§ **Collected material**
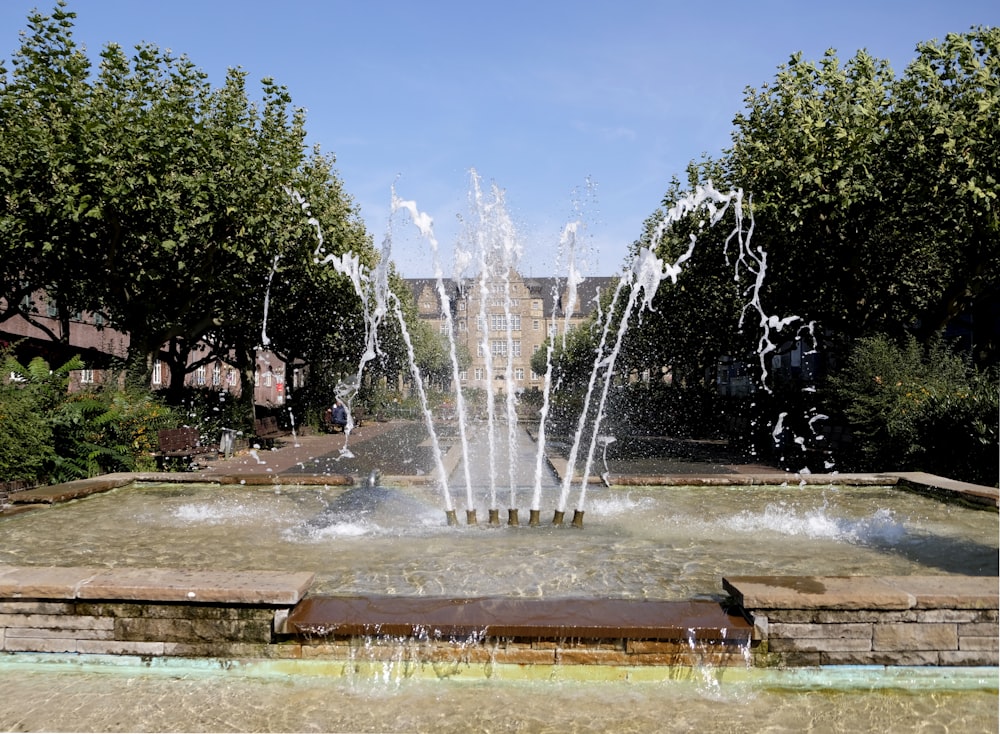 people sitting on bench near fountain during daytime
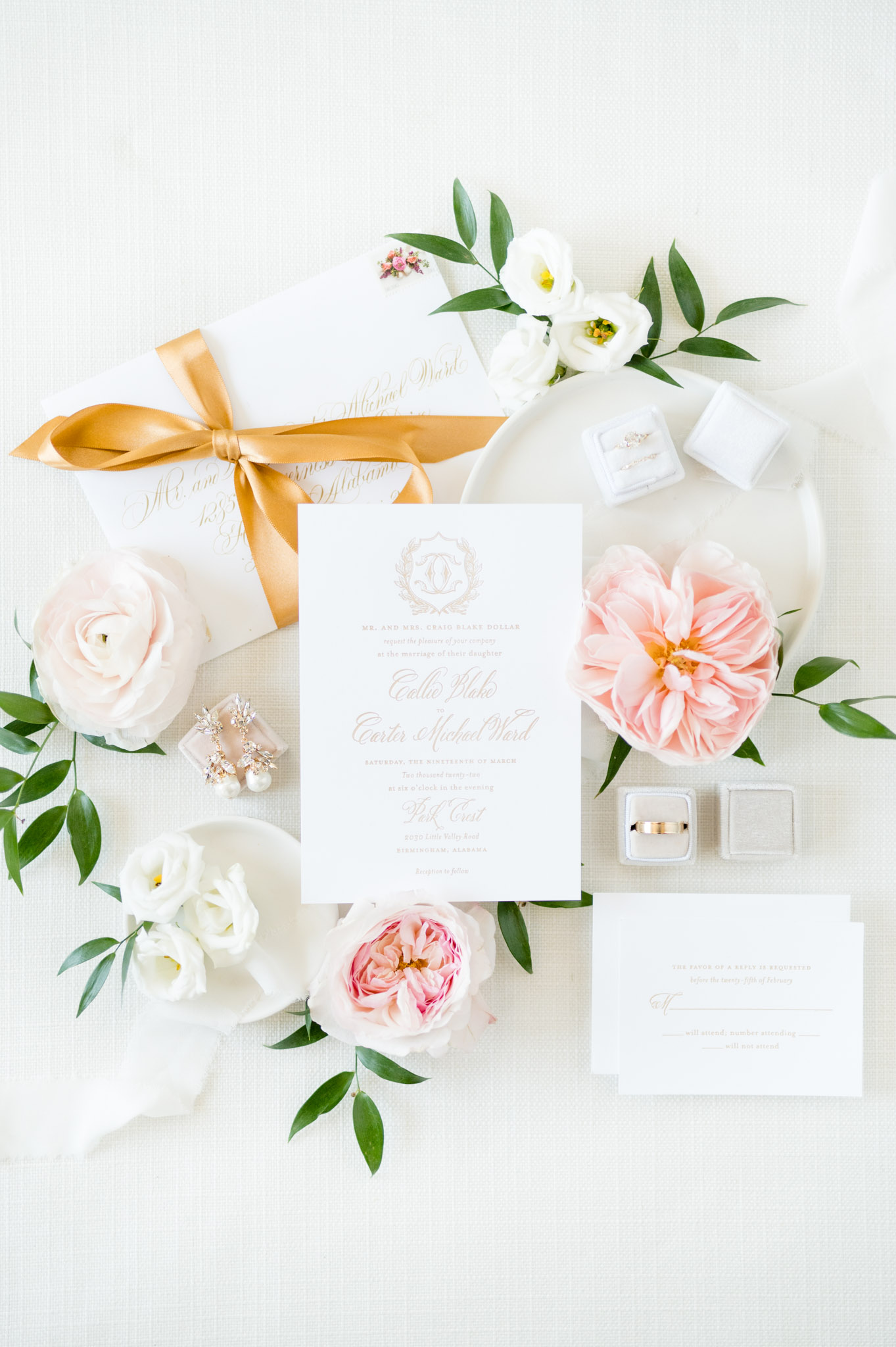White wedding invitation and pink flowers.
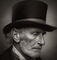 Dall-star-e-2023-03-06-11-dot-09-dot-10-victorian-era-portrait-of-an-old-man-wearing-a-hat-photorealisticcror2res-pebw-hollywoodgamourres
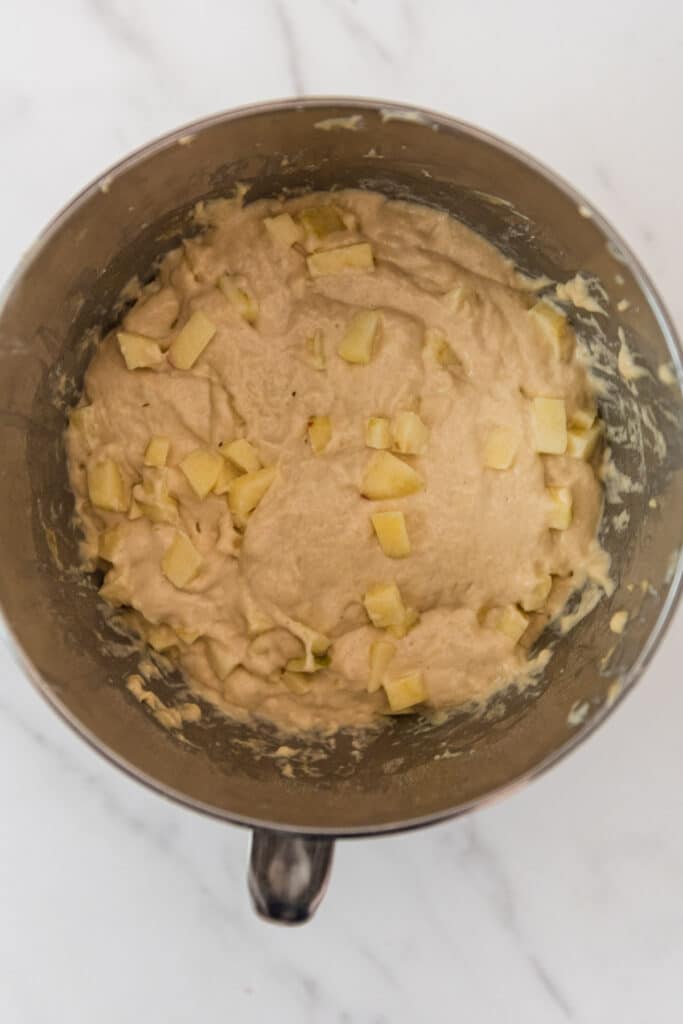 sourdough focaccia dough in metal mixing bowl with diced apple pieces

§ **The problem**
Repeat the whole of the material above exactly, but keep the pictures out.

§ **Your response**
 people sitting on bench near fountain during daytime
White wedding invitation and pink flowers.
 Dall-star-e-2023-03-06-11-dot-09-dot-10-victorian-era-portrait-of-an-old-man-wearing-a-hat-photorealisticcror2res-pebw-hollywoodgamourres
 sourdough focaccia dough in metal mixing bowl with diced apple pieces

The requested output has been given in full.